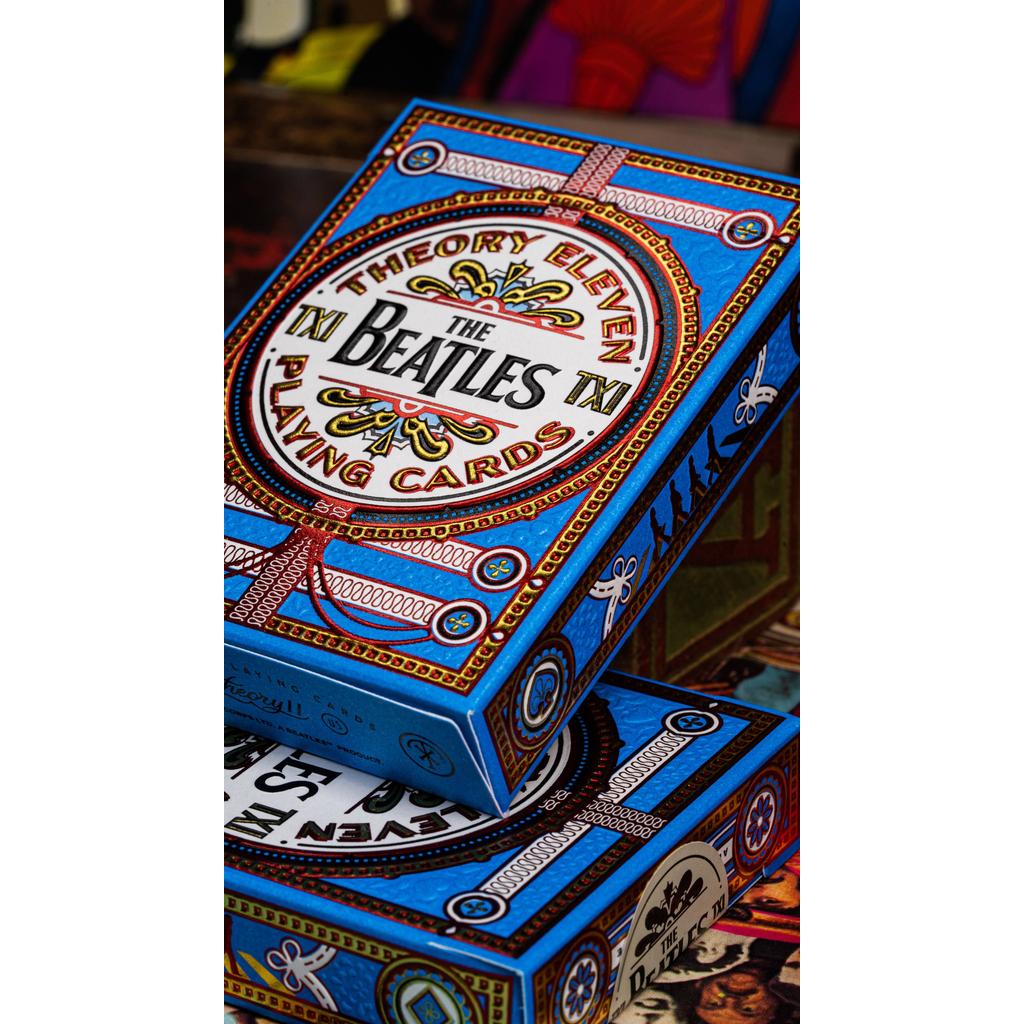 The Beatles Theory 11 Kortstokk Blå Fullt Customdesign-Kortstokker-Cardshouse-Kvalitetstid AS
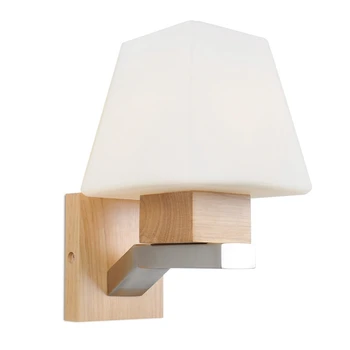 

Modern Single Head Wooden Wall Lamp Family Room Bedroom Walkway Lighting Decoration
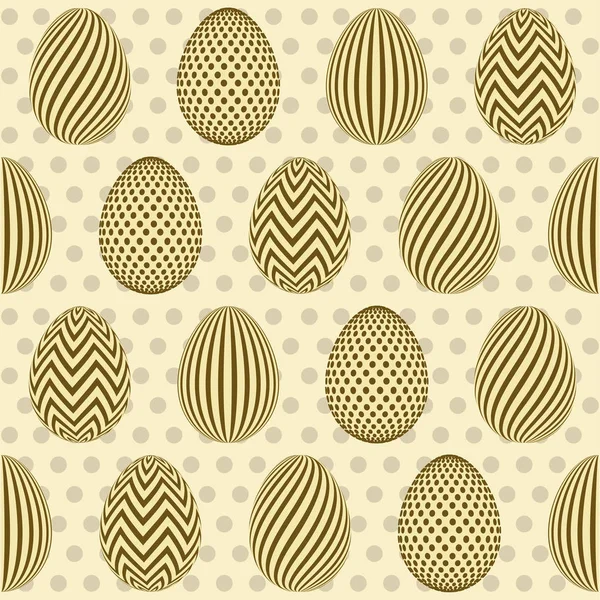 Šťastné Velikonoce Bezešvá Tapeta Vejci Vektorové Ilustrace — Stockový vektor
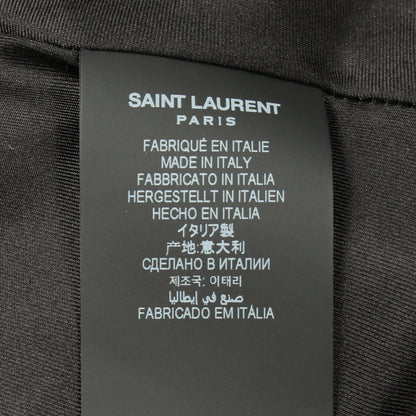 メルトンコクーン コート ウール ブラック サンローランパリ アウター SAINT LAURENT PARIS
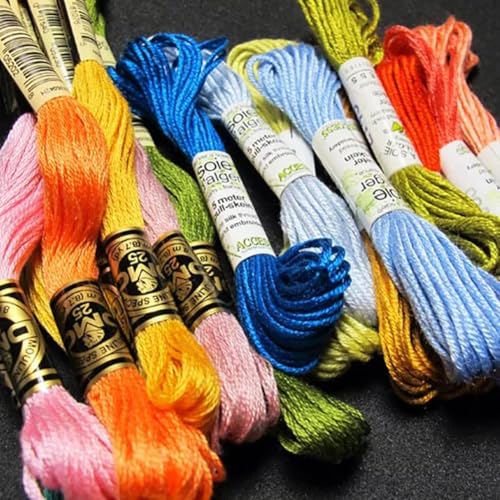 image for CABODYALS 12 Skeins 105 Yards Variegated Embroidery Thread Floss Cross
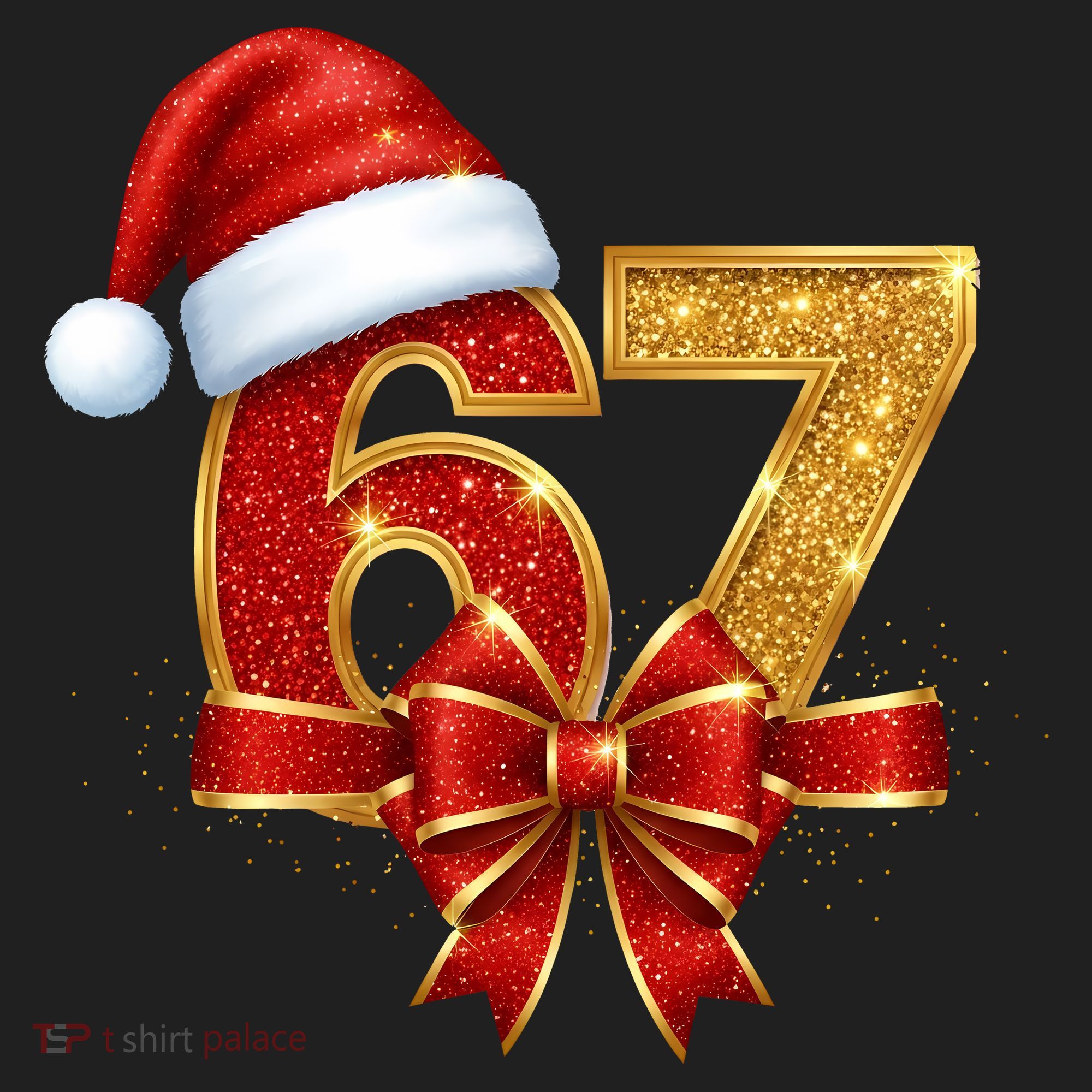 Christmas 67 Santa Hat Bow Hat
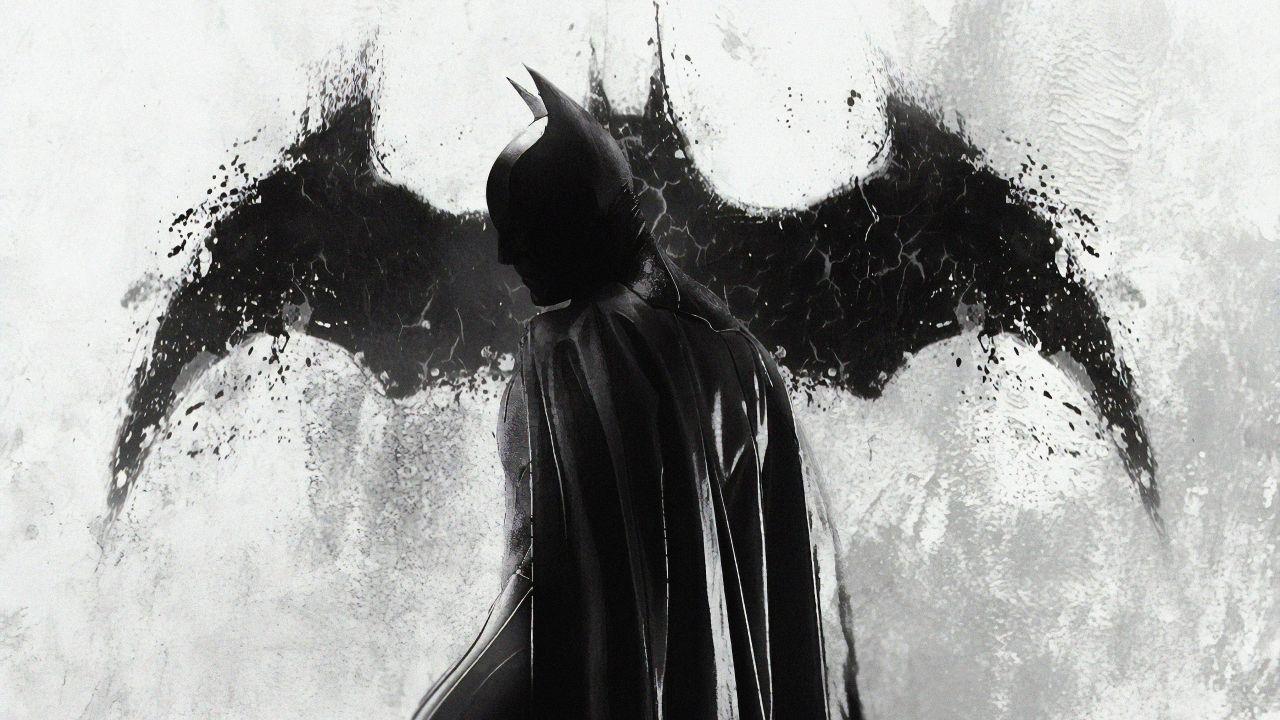 1280x720 Wallpaper Batman, Artwork, Monochrome, 4K, Creative Graphics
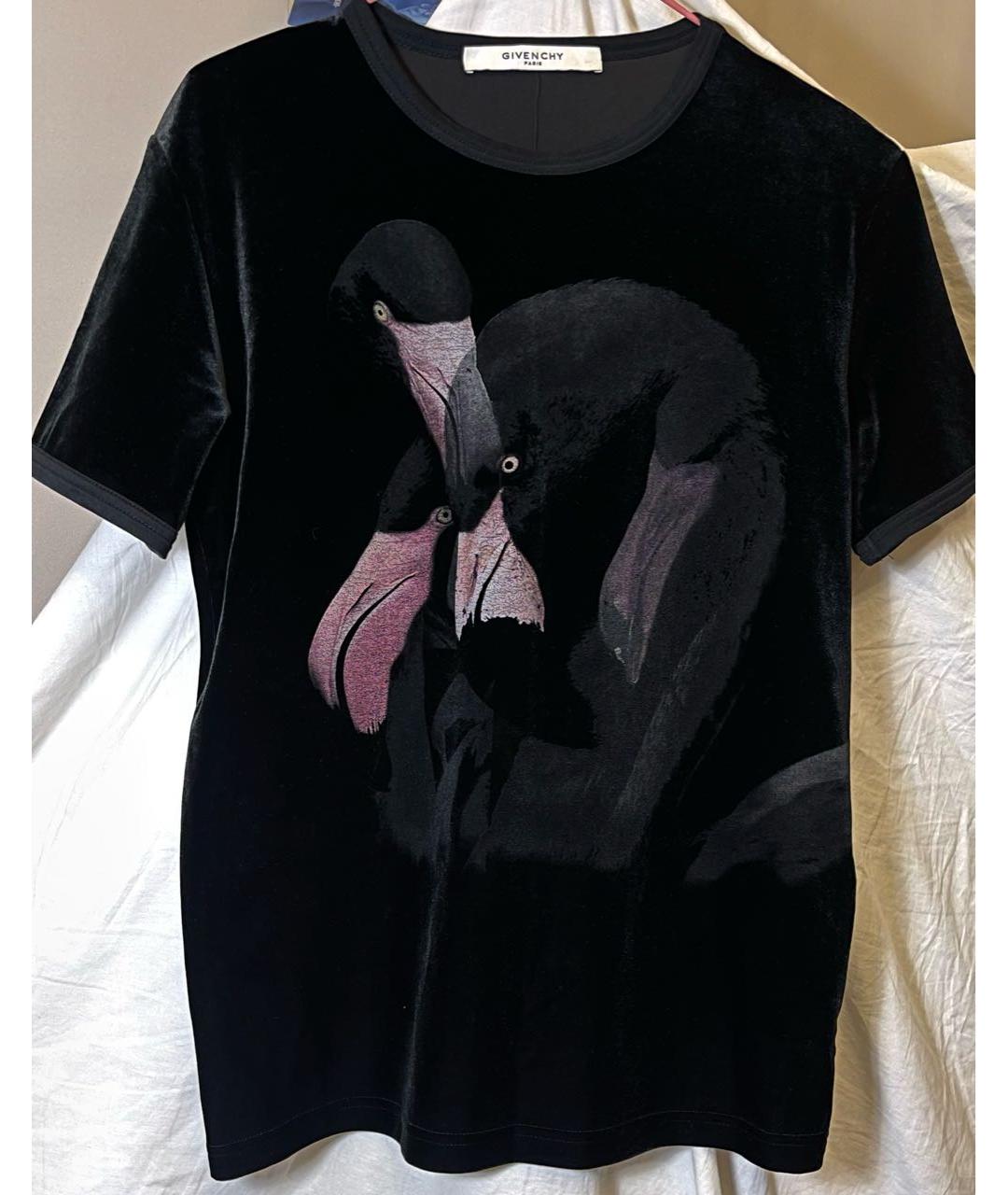 GIVENCHY Черная полиэстеровая футболка, фото 9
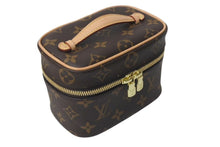 画像をギャラリービューアに読み込む, 極美品 LOUIS VUITTON ルイヴィトン ニース ナノ バニティバッグ ハンドバッグ M44936 モノグラム ブラウン 中古 4c073994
----------
Every line from the one that holds "Modern Single Head" to the last line of the records above goes into the answer, exactly as written; nothing else does, and no picture does either.

Modern Single Head Wooden Wall Lamp Family Room Bedroom Walkway Lighting Decoration
 Šťastné Velikonoce Bezešvá Tapeta Vejci Vektorové Ilustrace — Stockový vektor
 メルトンコクーン コート ウール ブラック サンローランパリ アウター SAINT LAURENT PARIS
 image for CABODYALS 12 Skeins 105 Yards Variegated Embroidery Thread Floss Cross
 Christmas 67 Santa Hat Bow Hat
 1280x720 Wallpaper Batman, Artwork, Monochrome, 4K, Creative Graphics
 GIVENCHY Черная полиэстеровая футболка, фото 9
 画像をギャラリービューアに読み込む, 極美品 LOUIS VUITTON ルイヴィトン ニース ナノ バニティバッグ ハンドバッグ M44936 モノグラム ブラウン 中古 4c073994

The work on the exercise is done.